» **The task**:
Set the pictures aside and write down, exactly as they appear, the lines from the one containing "Photo 4 Appartement 2 pièces 41.25m²" through the end of the material.

» **Data block**:
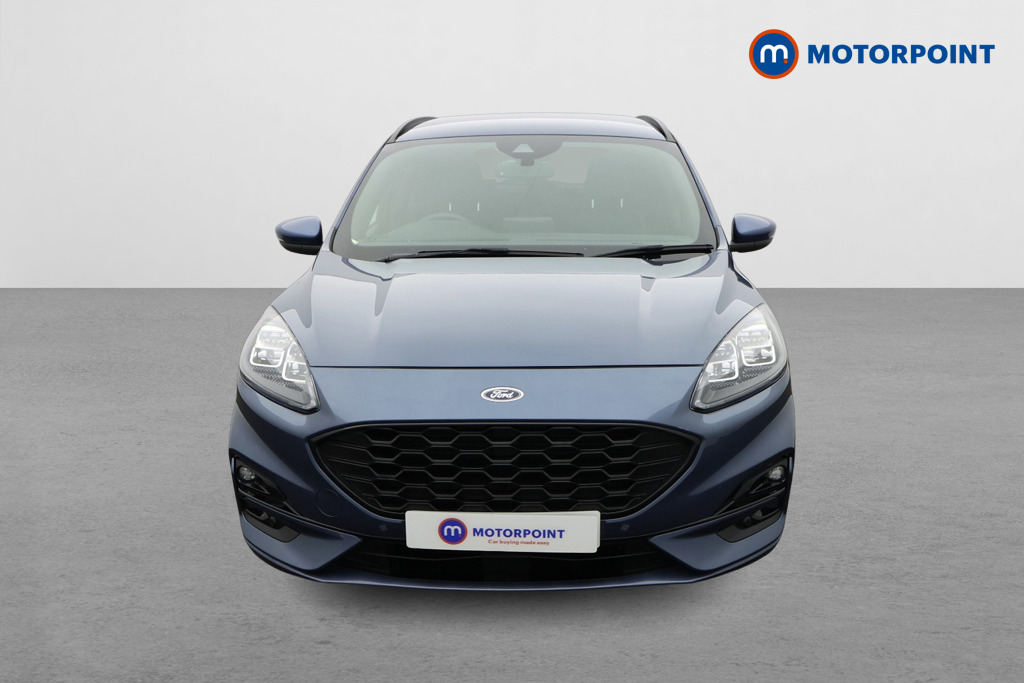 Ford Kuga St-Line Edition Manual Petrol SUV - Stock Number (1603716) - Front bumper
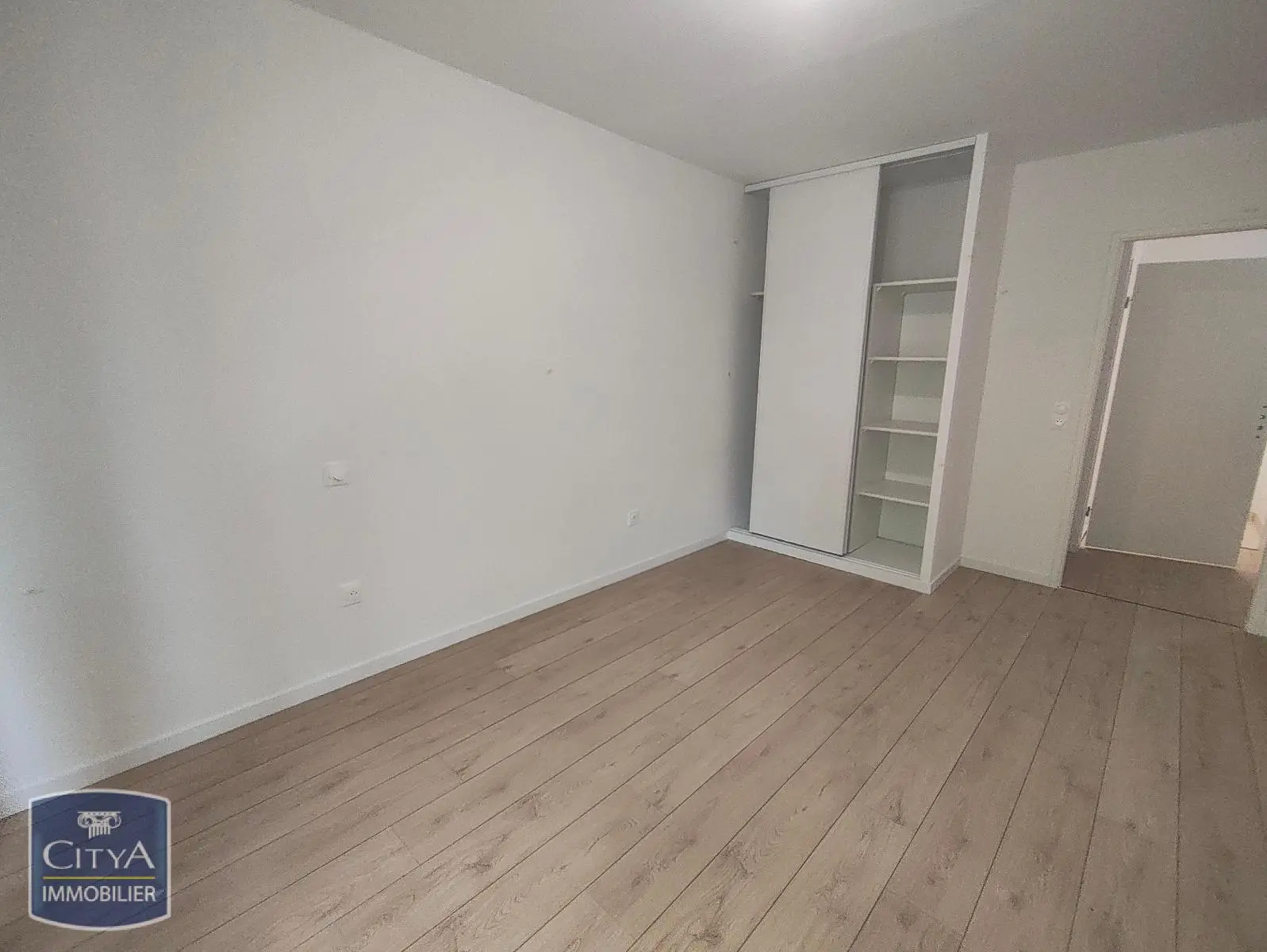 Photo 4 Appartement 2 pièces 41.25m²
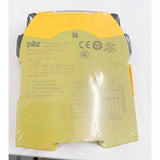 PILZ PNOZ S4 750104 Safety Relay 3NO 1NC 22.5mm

» **Finished task**:
 Photo 4 Appartement 2 pièces 41.25m²
 PILZ PNOZ S4 750104 Safety Relay 3NO 1NC 22.5mm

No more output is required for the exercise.